Carmen sigue ahí, sigue viva y traspuesta, se esconde entre subterfugios desmontados con fuerza y virulencia periódicamente. Hace tiempo que salió del cuartel, de ahí pasó al confinamiento. Despojada de su ropa, sus zapatos, sus efectos personales, sus insignias, sus llaves…
Su pelo comenzó a declararse en guerra perdiendo vida, su piel seca y quebradiza, sus ojos más redondos y caídos, su perfil más angulado.
Aún y así conserva el ímpetu y la osadía, la fuerza y la presencia, un halo incuestionable, una atracción que fascina y enloquece, una rotunda ofensa contra legítimos inapropiados, un cobijo para los creibles.
Ella da miedo, no hace nada, no se mueve, solo fija el movimiento cercano, emana respeto, solidez y contundencia. Ella da sosiego, abre los brazos, escucha eterno, sabe ir, casi nunca vuelve, se ha construido su propio cuartel.
Ella se da miedo, sabe degustar el frío, saborearlo, sabe atemperar calidez en el gélido entorno.
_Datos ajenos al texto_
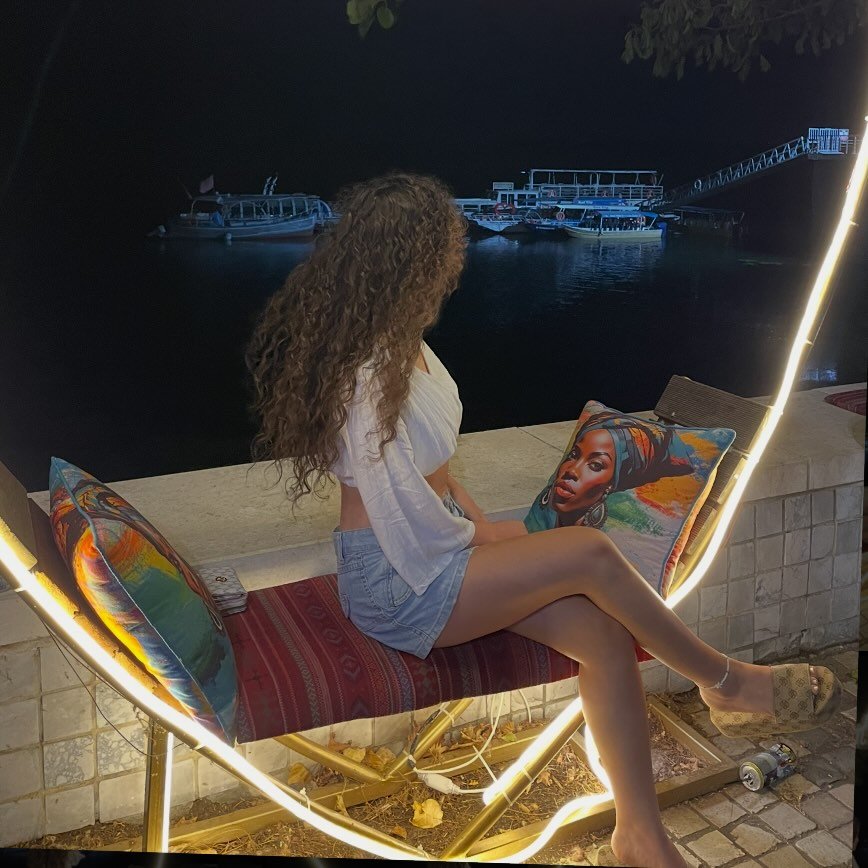 Instagram Profilbild von sara_peraj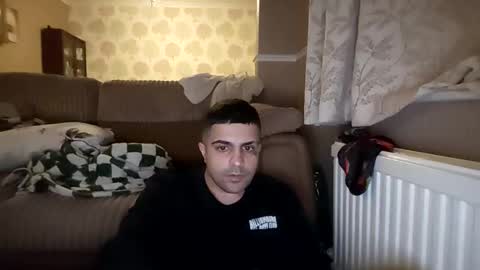 Snapshot of raveworldwidexxx chatting on February 2026 09:02:02 PM raveworldwidexxx online show from February 2026 09:02:02 PM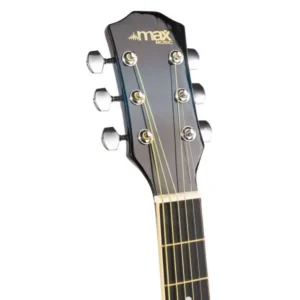173217_max_solojam_western_akoestische_gitaar_starterset_-_blauw_8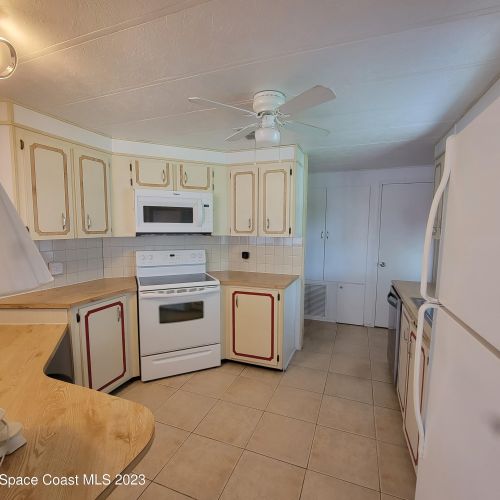 804 Draco Dr, Sebastian FL  32976-7695 exterior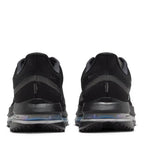 Nike Pegasus Premium 41 Noir
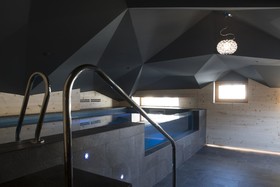 THE Tremoggia Hotel Experience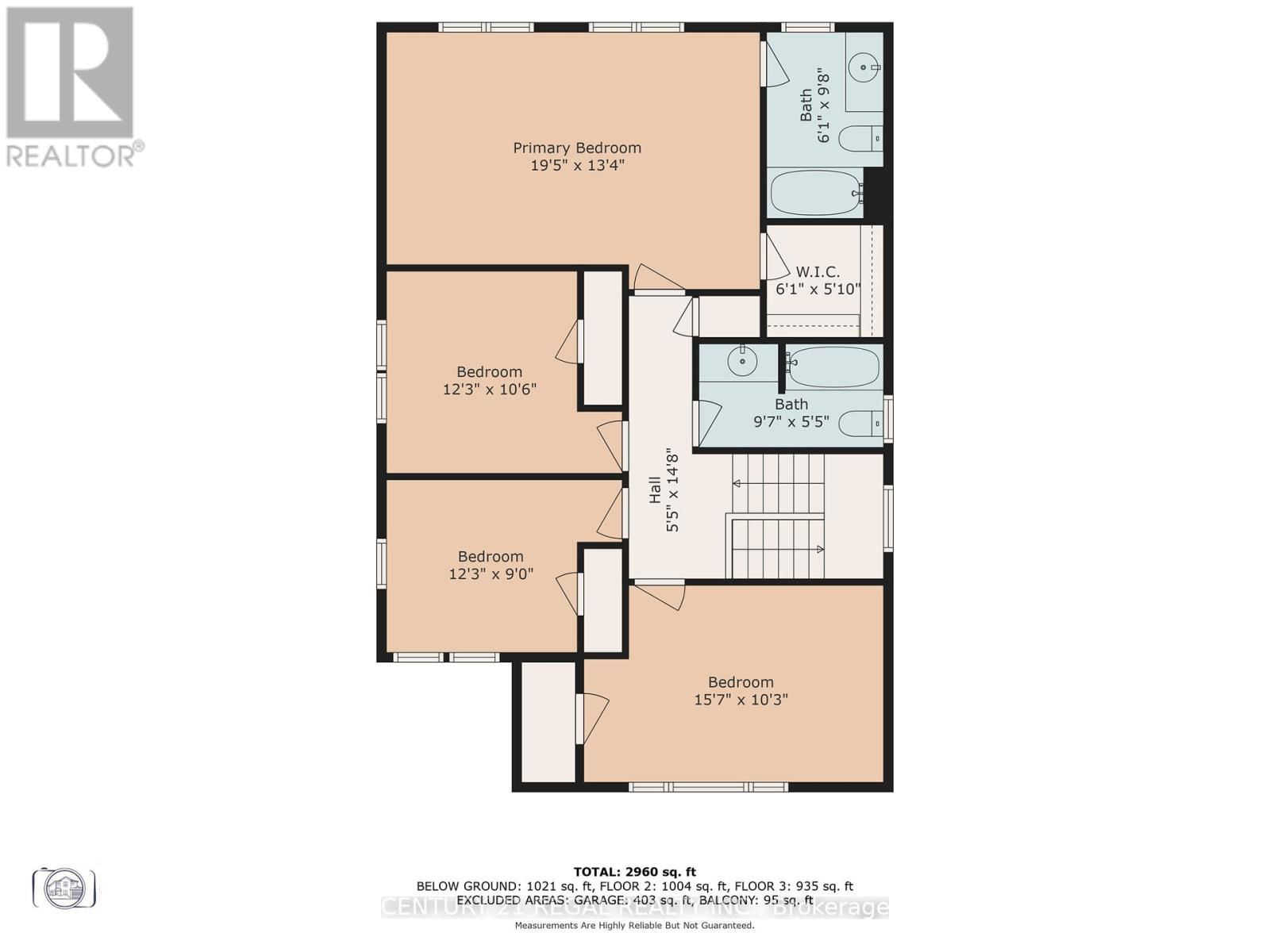 78A KERFOOT CRESCENT Image 34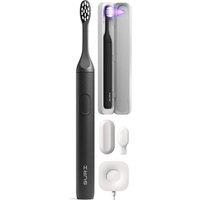 Suri 2.0 Electric Toothbrush - Black, Black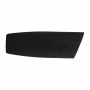 High Density EVA Grips RG70-10E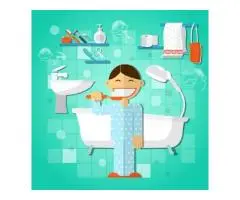 Routine Dental Care Bristol PA for Healthy Smiles and Long Lasting Oral Wellness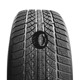 Foto pneumatico: KENDA, KR504 WINTERGEN 2 SUV 265/45 R2020 108V Invernali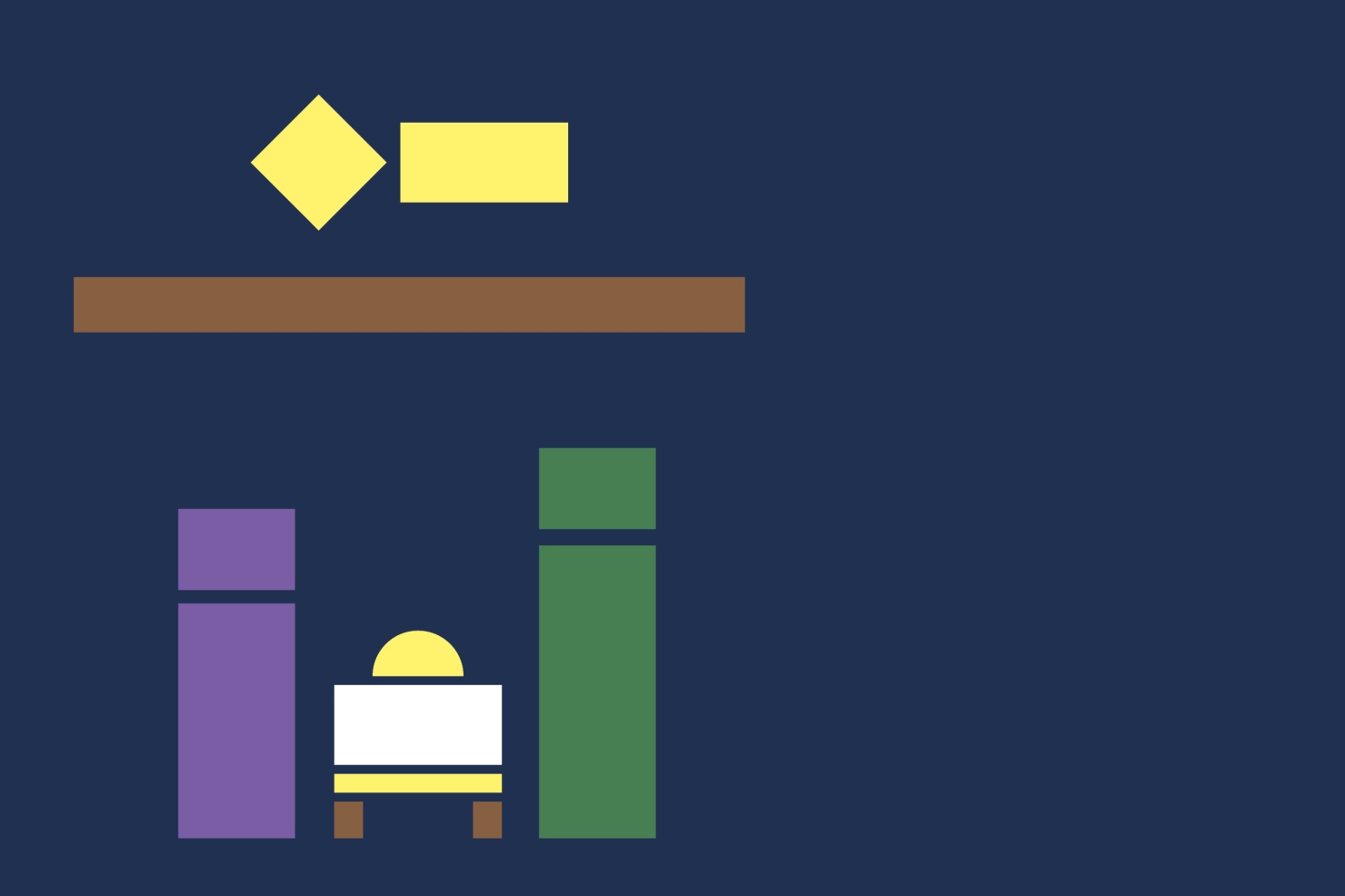 Image - Eine Zumutung – neu entdeckt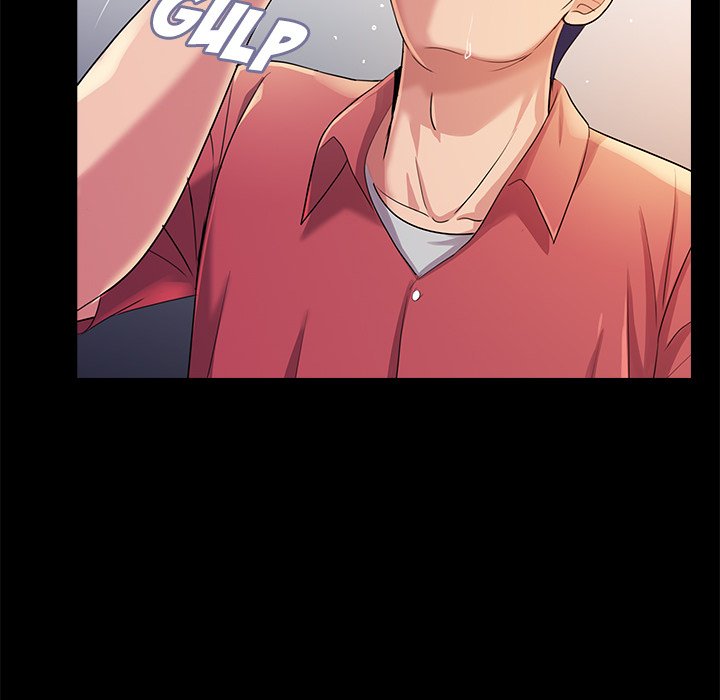 His Return - Chapter 26 [photo 19] - MangaPorn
Volvía de nuevo a las andadas para comenzar de nuevo, no recordaba la sensación de repetir a pesar de ya, varias ocasiones, tantas como los caprichos de mezquinos son capaces de desatarse.
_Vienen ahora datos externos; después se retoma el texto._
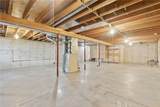 140 35th St Drive - Photo 20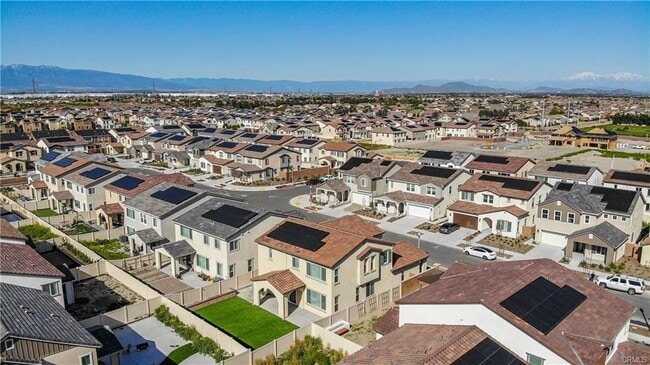 Foto del edificio - 16576 Ground Breaker Ave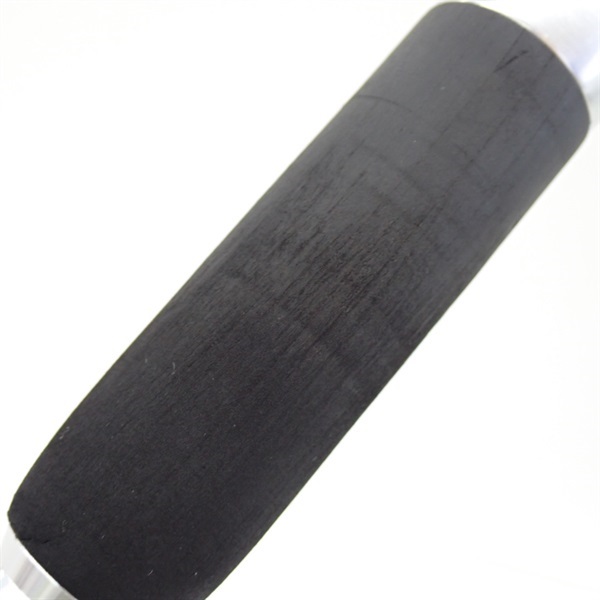 11アルシエラ落し込みMH250 | イシグロ公式オンラインショップ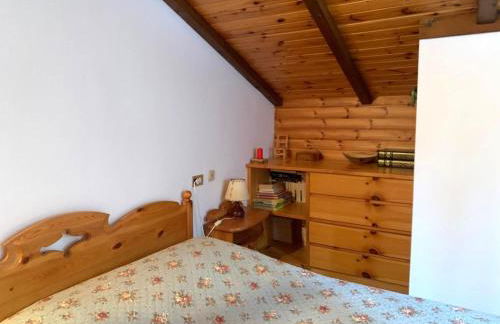 Appartamento Magico Abete by Sunhome Fiemme - Foto 12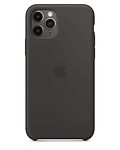 Carcasa iPhone 11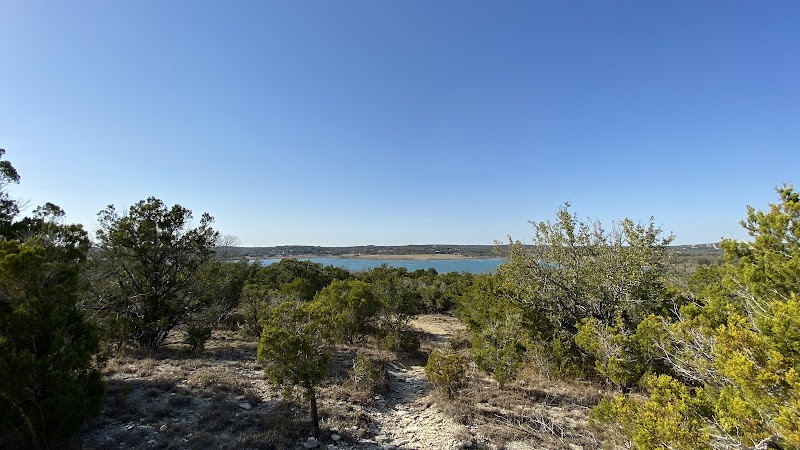 Discover Madrone Trail: A Hidden Gem in Canyon Lake, Texas - Madrone Trail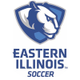 EIU Soccer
Sintió miedo, miedo a lo que era suyo, miedo a lo legítimo, a lo propio, a pasar caminando entre pasillos, terror a encontrarse con una escaramuza, a las miradas, a la incertidumbre, a las expectativas, miedo al perdón ilícito.
Iniciaba la batalla del día a día, de donde salió hace años, sumaba ya varias casillas de salida. La peor la que le provocó un germen patógeno. Un antígeno virulento, si fuera persona sería psicópata inducido.
Trascurría el tiempo diferente, a ratos lento y ondulante, a otros rápido y fugaz, sin residuo, con lagunas, sin saber cómo fijarlo, sin rescoldos, con reinicio constante. Sabía esperar.